Im Streit um die Abschiebung eines Kindes hat sich erstmals das Hamburger Vormundschaftsgericht eingemischt. Am 22. Februar untersagte (wie erst gestern bekannt wurde) Richter Panzer der Ausländerbehörde per „einstweiliger Anordnung“, einen siebenjährigen Jungen in das ehemalige Jugoslawien abzuschieben. Die Eltern des Kindes sind verschollen, „vermutlich tot oder in einem Konzentrationslager“, sagt Rechtsanwalt Hans-Werner Friedel. Nach einem Telefonanruf aus Zagreb im Februar 1993 habe man nichts mehr von den beiden gehört.

Das war zwei Wochen, nachdem das Ehepaar ausreisen mußte, weil sie nicht länger in Hamburg geduldet wurden. Die Kleinfamilie war im November 1992 aus dem umkämpften Bihac geflüchtet. Ihren Sohn ließen sie beim Großvater in Hamburg, der bereits seit 20 Jahren in Deutschland lebt und inzwischen auch die Vormundschaft für das Kind hat.
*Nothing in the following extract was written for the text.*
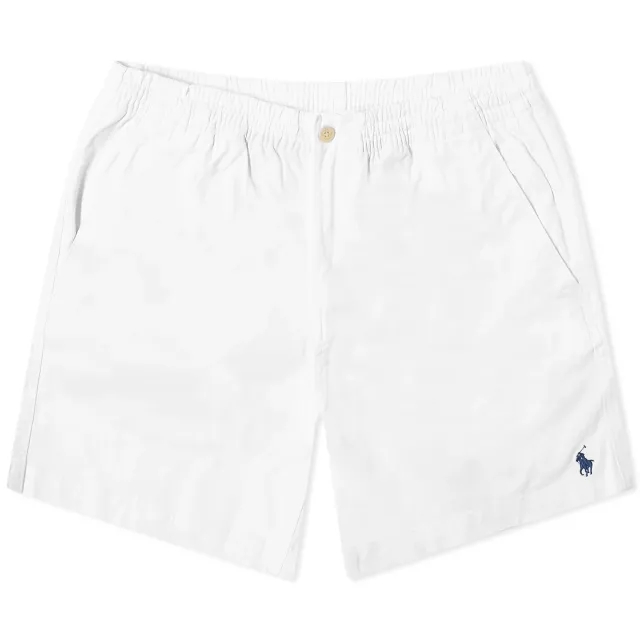 Polo Ralph Lauren  SHORT PREPSTER AJUSTABLE ELASTIQUE AVEC CORDON INTERIEUR LOGO PO  men's Shorts in White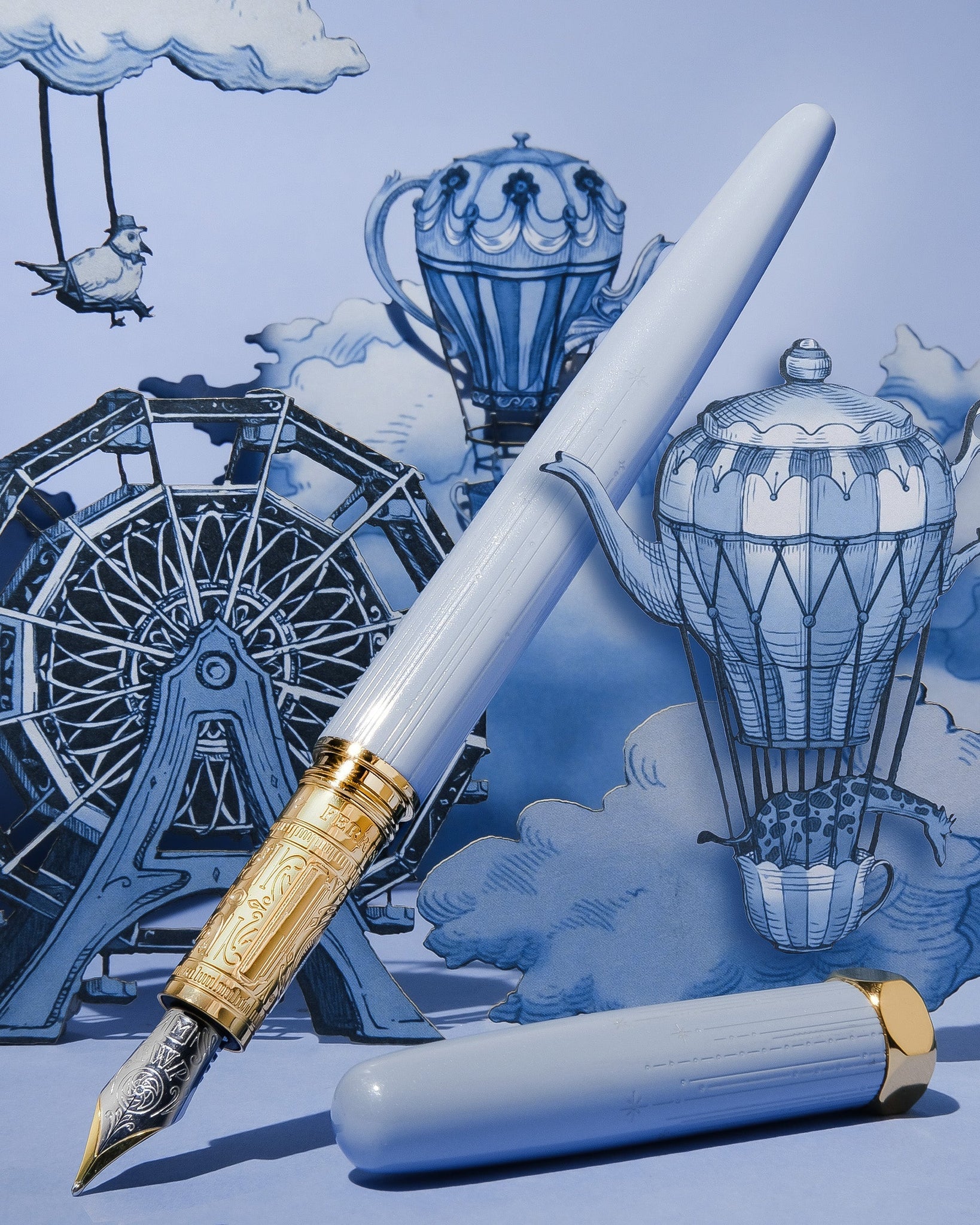 Ferris Wheel Press - The Bijou Fountain Pen (Forget Me Not)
Trotzdem hat die Ausländerbehörde die „sofortige Vollziehung“ angeordnet. Ein Antrag auf Aufschiebung wurde sowohl vom Verwaltungsgericht als auch vom Oberverwaltungsgericht der Hansestadt abgelehnt.

Eine Entscheidung, die bei einem 7jährigen „völlig absurd“ sei, sagt Sabine Kohlhof von Verein „Jugendhilfe“, der in Hamburg minderjährige Flüchtlinge betreut. Das Haager Minderjährigenschutzabkommen verbiete die Abschiebung von Kindern, wenn die Eltern nicht auffindbar sind. Eine Argumentation, der auch das Vormundschaftsgericht folgte.

Die Chancen stünden gut, daß die einstweilige Anordnung aufrecht erhalten wird, sagt Rechtsanwalt Friedel, der den Jungen vertritt. „Wir sehen das als Entscheidung eines nicht zuständigen Gerichts“, sagt dagegen Ausländerbehörden-Referent Norbert Smekal. Abschiebung sei eine verwaltungsrechtliche und keine zivilrechtliche Entscheidung. Sollte das Vormundschaftsgericht bei seiner Auffassung bleiben, werde die Ausländerbehörde Beschwerde vor dem Landgericht einreichen. In Frankfurt hatte sich schon einmal ein Vormundschaftsgericht quergestellt. Leider wurde dort dem Asylrecht Vorrang gegeben.

Aus Behördensicht gab es für die Eltern keine Notwendigkeit, das Kind hierzulassen. Der Großvater könnte doch dafür sorgen, daß der Junge zu ihnen zurückgeführt wird, schlägt Smekal vor. Der Nachweis, daß er Vollwaise ist, sei noch nicht erbracht. Bevor es zur Abschiebung kommt, will die Ausländerbehörde die Entscheidung des Petitionsausschusses der Bürgerschaft abwarten.

Wie immer die letzte Adresse, wenn Behörden für Argumente des gesunden Menschenverstands unerreichbar sind.